(About this exercise) Only the lines from the start of the data through the line with "This name was" belong in the copy. Restate them word for word, minus the pictures.

┌─ Source material

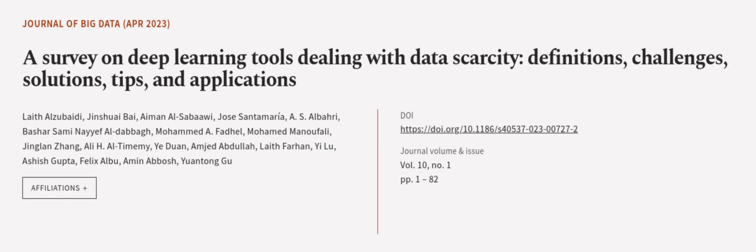This article was authored by Leith al-Zubaidi, Jean Shuai Bai, Ayman al-Sabawi, and others. WearArticle.tv — links in the description below.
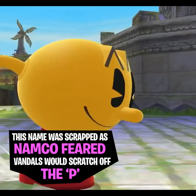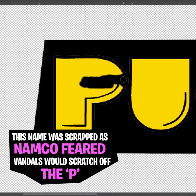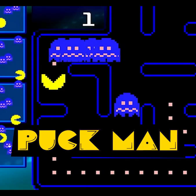This name was scrapped at the last minute as Namco feared vandals would scratch off part of the P, making Puck-Man into F***-Man. So Pac-Man was used instead.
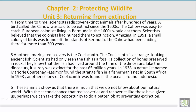Paragraph 6. These animals show us that there is much that we do not know about our natural world. With the second chance that rediscoveries and recoveries like these have given us, perhaps we can take the opportunity to do a better job at preventing extinction.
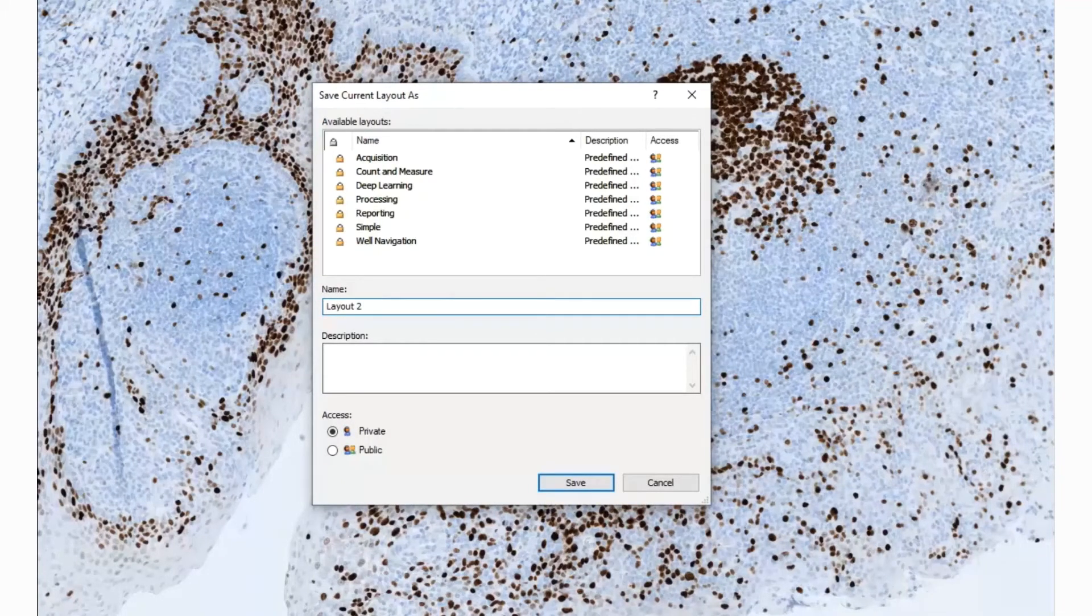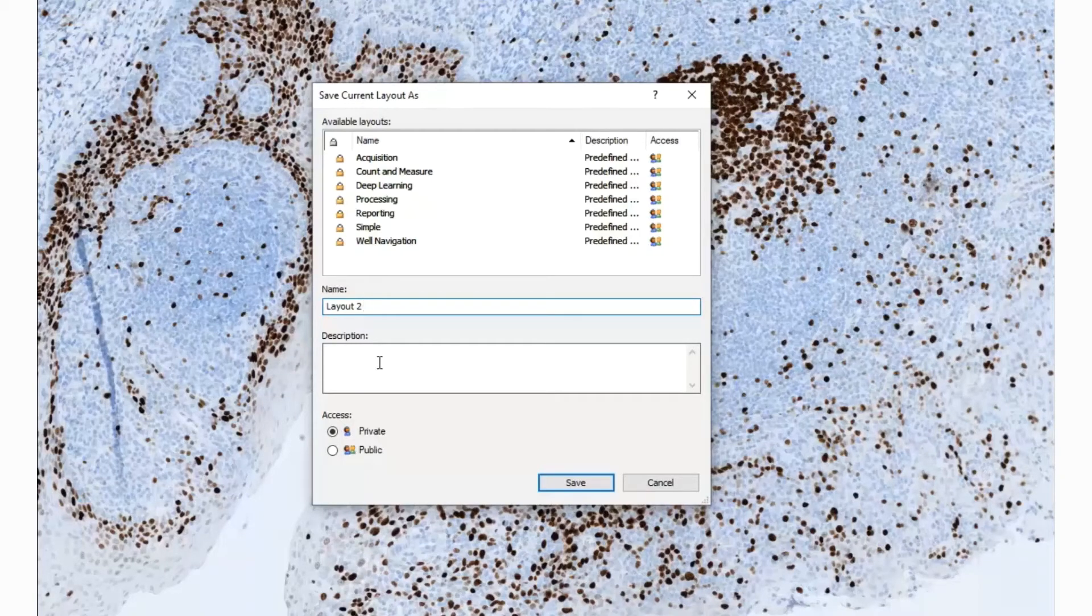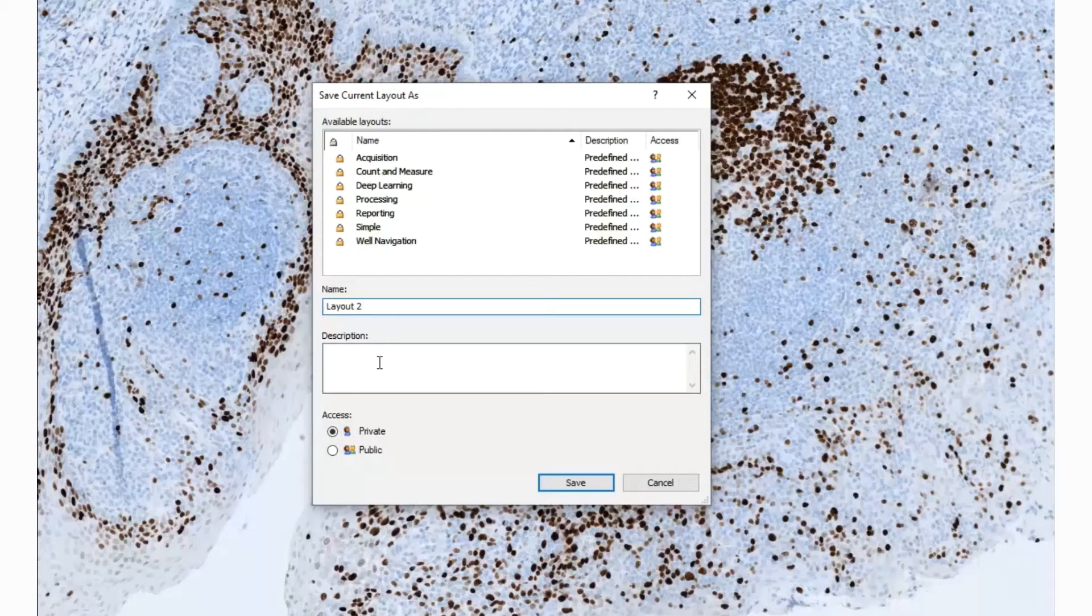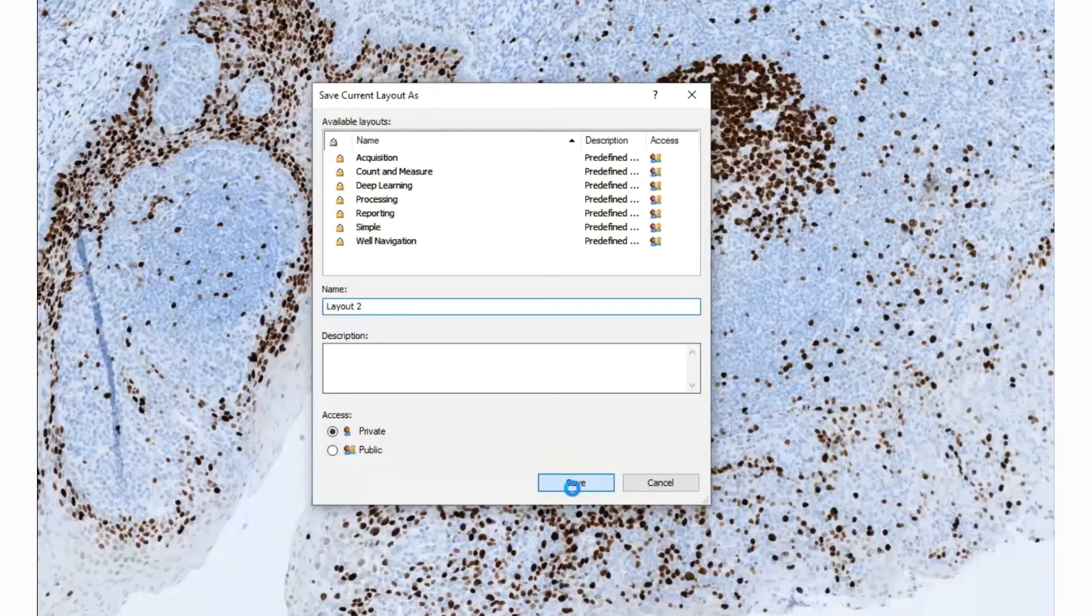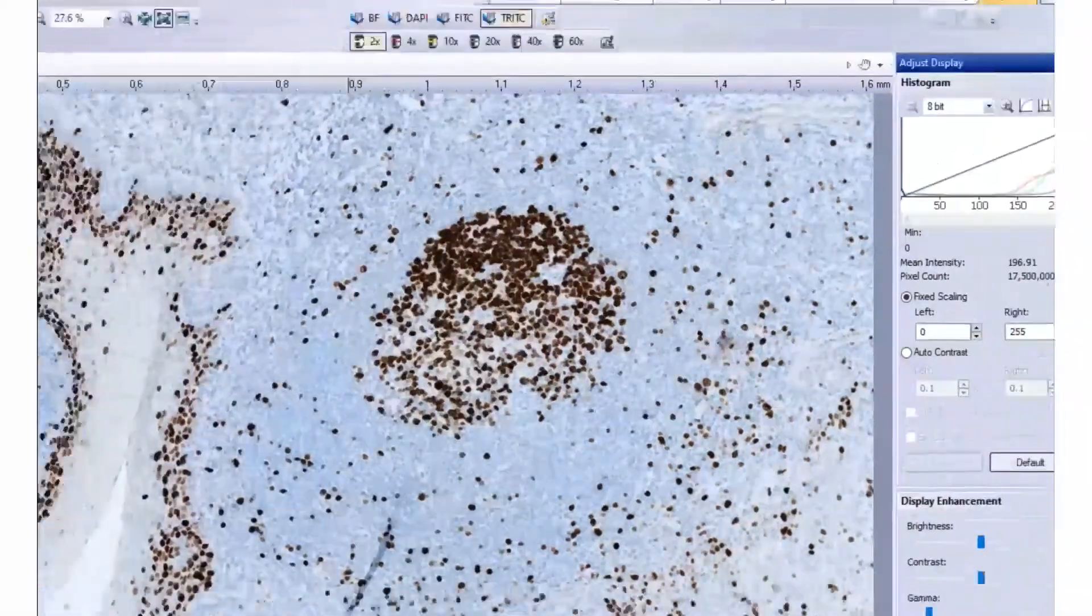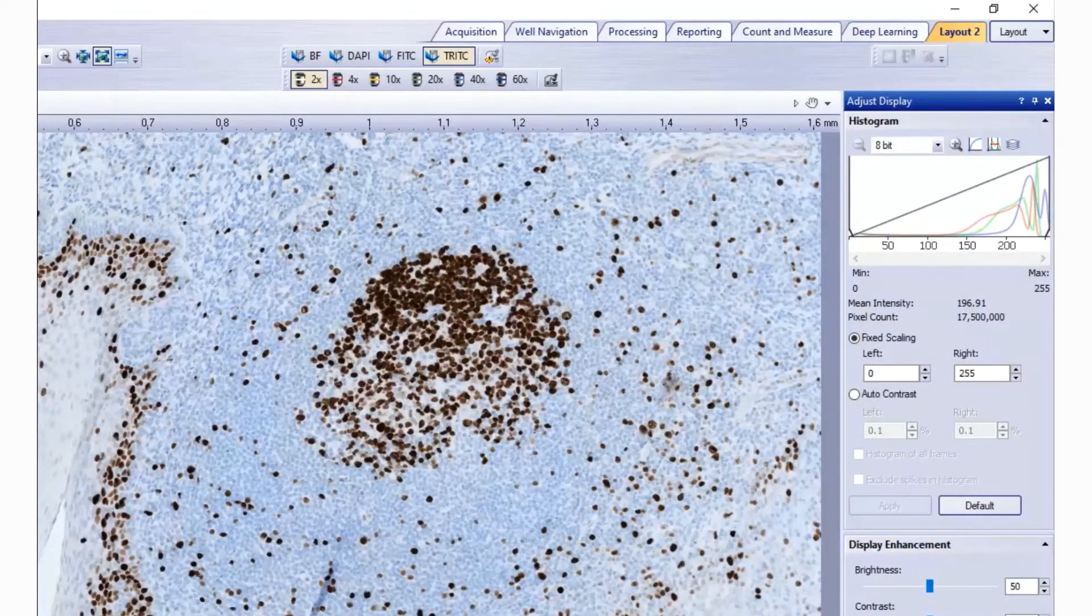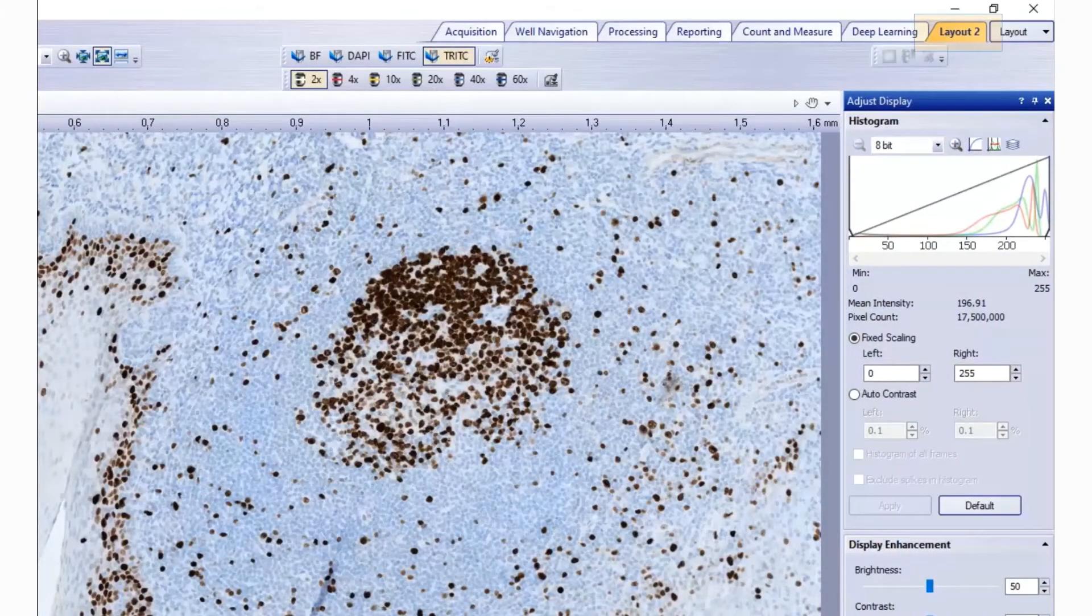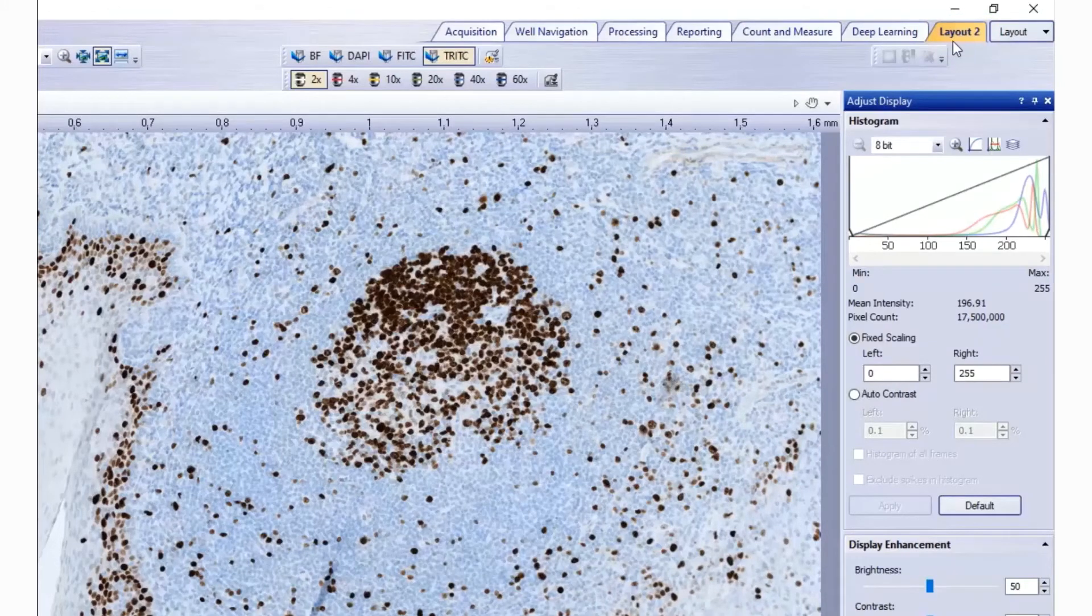And then you can choose public or private if you're the program administrator. If you choose public, it will allow other users to see this layout and use it. Click save and now your new layout will show up as an additional layout tab in the upper right hand area of the interface.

└─

(Output for this task)
This article was authored by Leith al-Zubaidi, Jean Shuai Bai, Ayman al-Sabawi, and others. WearArticle.tv — links in the description below.
This name was scrapped at the last minute as Namco feared vandals would scratch off part of the P, making Puck-Man into F***-Man. So Pac-Man was used instead.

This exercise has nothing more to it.